### Instructions for the task:
Everything from the line containing "gimmelwald in de" through the line containing "True Spec Womens" in the listing below should be copied exactly, and nothing more.

### Records:
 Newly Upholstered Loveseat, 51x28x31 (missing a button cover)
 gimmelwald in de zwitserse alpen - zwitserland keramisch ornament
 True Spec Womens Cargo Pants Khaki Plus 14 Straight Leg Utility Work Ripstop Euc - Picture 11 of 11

==

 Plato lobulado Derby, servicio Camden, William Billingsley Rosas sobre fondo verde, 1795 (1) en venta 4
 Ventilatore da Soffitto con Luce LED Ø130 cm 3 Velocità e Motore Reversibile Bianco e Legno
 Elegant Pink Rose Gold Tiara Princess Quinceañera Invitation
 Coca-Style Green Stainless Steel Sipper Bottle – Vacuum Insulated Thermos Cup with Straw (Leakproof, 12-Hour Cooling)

==

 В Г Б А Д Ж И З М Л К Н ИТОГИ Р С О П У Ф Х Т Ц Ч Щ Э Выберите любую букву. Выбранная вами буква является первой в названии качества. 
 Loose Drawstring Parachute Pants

### Exercise answer:
 gimmelwald in de zwitserse alpen - zwitserland keramisch ornament
 True Spec Womens Cargo Pants Khaki Plus 14 Straight Leg Utility Work Ripstop Euc - Picture 11 of 11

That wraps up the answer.